KARACHI, July 2: In what can be called an indictment on State Bank of Pakistan’s generous lending policy for last two years, the Social Policy and Development Centre (SPDC), a well known Canadian aided private research organisation now wants the bank credit to the private sector be reined in to prevent household debt from reaching unsustainable proportions.
“It is imperative that the now tighter stance of monetary policy that the central bank has adopted should continue for a while and even become tighter to abate inflationary pressures,” the SPDC suggests in its annual review of the 04-05 budget and Economic Survey. “An Overheating Economy” is the title of the annual budget review of the SPDC released on Saturday afternoon.
The SPDC has found that the bank credit having done its job of spurring demand, it should now be reined in is an oblique pointer to more than Rs700 billion loans given by the banks to the private sector in last two years, which virtually put everything on fire from prices of the stock shares to commodities and the real estate making the life of people miserable.
“The rise in inflation to double digits is matter of concern,” Dr Shahgil Ahmad, the acting Managing Director of the SPDC declared in his presentation of the review on Saturday afternoon. He observed “some signs of overheating and stress” now emerging in Pakistan’s economy need to be immediately addressed.
The SPDC attributed the impressive economic growth to the macroeconomic stability that the government has promoted. Dr Ahmad said that the growth is far more balanced in 04-05 because of the contribution coming from all the sectors including the agriculture.
While efforts to increase the country’s long run sustainable rate of economic growth should continue, the SPDC emphatically suggests the need in short run to “cool off demand” that is causing overheating. “Further accelerating demand by an excessive amount in a developing economy that is overheating can be a recipe for a boom-bust cycle that ends in crisis,” the SPDC warns.
It takes a strong look at the proposed increase in 05-06 budget deficit will exacerbate inflationary pressures and make the task of the central bank all the more difficult.

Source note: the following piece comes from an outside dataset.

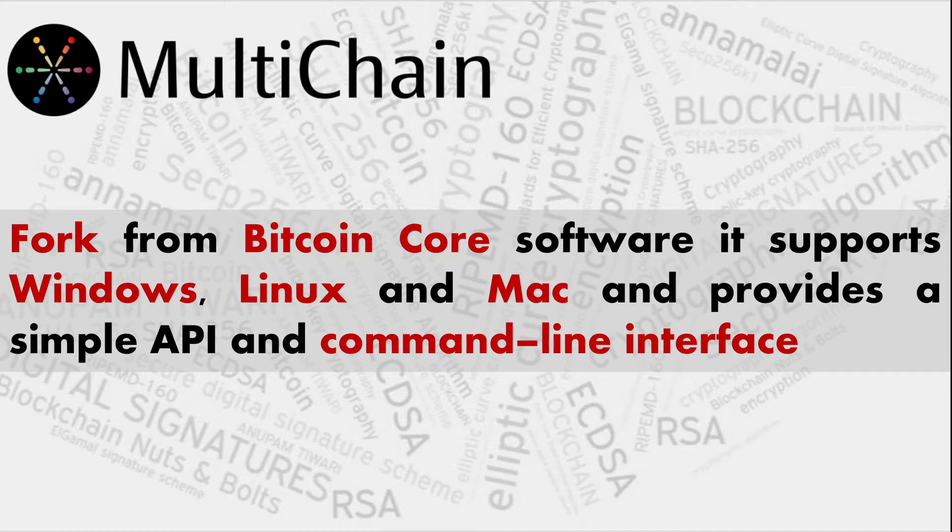MultiChain is absolutely like Bitcoin blockchain since it is a fork from the Bitcoin core software. It has its application compatible with almost all operating systems like Windows, Linux, Mac, anything. We'll be focusing on Linux Ubuntu and various other flavors of Linux.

The SPDC review points out that there is a strong evidence from all over the world that if inflation gets beyond a certain point and stays there for a while, it can have a very disastrous effects on economic growth. Inflation, it says, increases the poverty and inequality.
Along with emphasis on growth, there is also a need for more concerted effort of direct intervention to help alleviate poverty, reduce inequality and foster general development. The SPDC review notes that the budget is rather silent on the specifics of how to tackle poverty and income inequality directly.
Dr Ahmad appreciated the 35 per cent increase in the development expenditures for 06 but emphatically suggested to reform the mechanisms for appropriate utilization of the funds under the PSDP. He made a pointed reference to the limitations of the provinces to provide social services by the “substantial reverse flow of resources back to the federal government.”
Another development is to keep a watchful eye on the widening trade deficit, which has turned a current account surplus into s deficit in the year 2005, the SPDC review said. It does not find the argument much comforting that much of the increase in the imports is going towards buying machinery and other capital goods which will engineer future growth. “This is because the overall investment position does not look that rosy with real private investment as a share of real GDP continues to fall”.
Since no credible information and data on poverty is available, the SPDC remains non-committal on the issue but points out that the Integrated Social Policy and Macro (ISPM) model designed by the SPDC suggest “only a modest net reduction in poverty as a result of the rise in per capita income. The gains from rise in per capita income are being offset by rapid increase in food prices.
The SPDC has computed a new Social Development Index based on indicators of health, education, access to the services such as electricity and telephones and “unfortunately the growth in this SDI has relatively weak over the 2000 to 2004 period.”